The tapered fuselage was flat sided, with a long open cockpit reaching from leading to trailing edge. The pilot sat at the front immediately behind the engine. Seats for one or two passengers could be fitted in the rear with access via a triangular shaped starboard side door. The tailplane was mounted on top of the fuselage and carried horn balanced elevators. The combination of a triangular fin and straight edged rudder, which extended down to the bottom of the fuselage in a cut out between the elevators, gave the vertical surface a rather pointed look.

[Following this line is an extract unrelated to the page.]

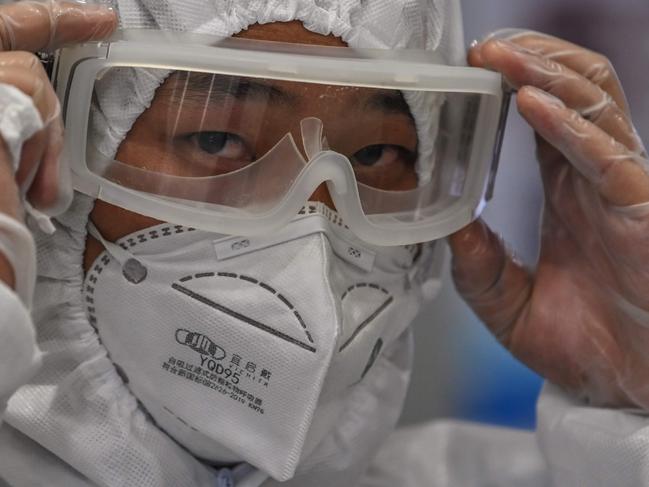 TOPSHOT - A member of the airport security wearing protective gear as a preventive measure against the COVID-19 coronavirus outbreak monitors passengers as they exit following their arrival at Shanghai Pudong International Airport in Shanghai in March 26, 2020. (Photo by Hector RETAMAL / AFP)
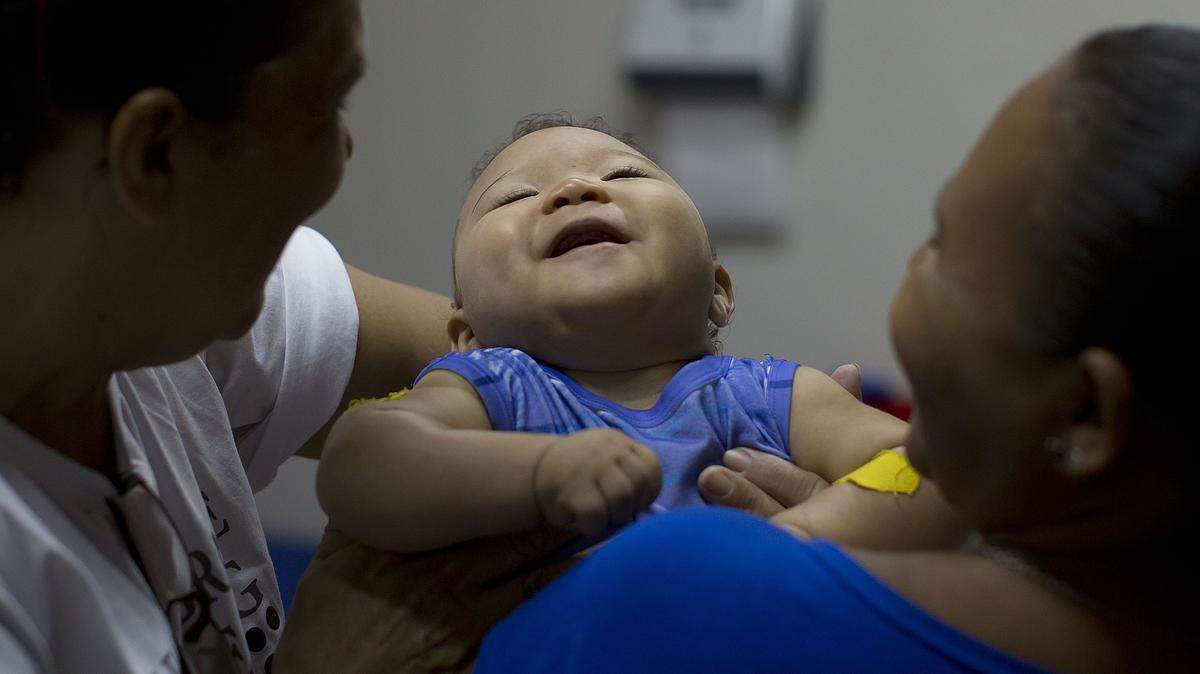 In this Thursday, Feb. 25, 2016 photo, Caio Julio Vasconcelos who was born with microcephaly, undergoes physical therapy at the Institute for the Blind in Joao Pessoa, Brazil. Researchers from the Centers of Disease Control and Prevention continue to fan out across one of Brazil's poorest states in search of mothers and infants for a study aimed at determining whether the Zika virus is causing babies to be born with unusually small heads. (AP Photo/Andre Penner)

The main undercarriage legs, with prominent shock absorbers, were mounted on the upper fuselage longerons. Two bracing struts reached forward to the lower fuselage below the engine and the wheels were linked by a hinged axle centrally mounted to the lower fuselage with further struts.

==Operational history==

The T 19 first flew on 14 July 1922, powered by a 55 hp (41 kW) Siemens-Halske Sh 4 5-cylinder radial engine. Two more T 19s were flown, one with a 77 hp (57 kW) 7-cylinder Sh 5 engine and the other with a 110 hp (82 kW) 9-cylinder Sh 12. The second T 19 was used as an engine test bed and was the first aircraft to fly with Junkers' first flight petrol engine, the air-cooled 75 hp (56 kW) 6-cylinder inline L1 of 1921. It also flew with a 1926 Armstrong Siddeley Genet. The third T 19 was sold to India.